Phase 5: Fuzzy Matching

Real World Outcome

You will build a line-oriented search engine that can map byte offsets to line numbers and print context lines quickly, even on huge files.

Command Line Outcome Example:

$ ./line_search "panic" server.log --context 2
1021: [INFO] starting server
1022: [DEBUG] loading config
1023: [ERROR] panic: missing key
1024: [DEBUG] shutting down
1025: [INFO] exit

Matches: 1
Line count: 2,389,120
Time: 18ms

The Core Question You’re Answering

“How do I convert raw byte offsets into line numbers and context lines fast?”

This project makes line mapping a first-class performance feature rather than an afterthought.

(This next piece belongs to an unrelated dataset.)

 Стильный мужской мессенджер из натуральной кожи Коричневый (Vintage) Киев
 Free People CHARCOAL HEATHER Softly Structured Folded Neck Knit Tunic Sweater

Concepts You Must Understand First

  1. Newline counting
    • How can SIMD speed up counting ` `?
  2. Offset-to-line mapping
    • How do you map byte positions to line numbers quickly?
  3. Context windows
    • How do you find the previous and next line boundaries efficiently?

Questions to Guide Your Design

  1. Indexing strategy
    • Will you store every Nth newline offset?
  2. Context extraction
    • How will you find start/end of a line around a match?
  3. Memory vs speed
    • How much memory are you willing to trade for fast line lookup?

Thinking Exercise

The Sparse Index

If you store every 1024th newline offset, how many bytes of index do you need for a 1GB file with ~50M lines?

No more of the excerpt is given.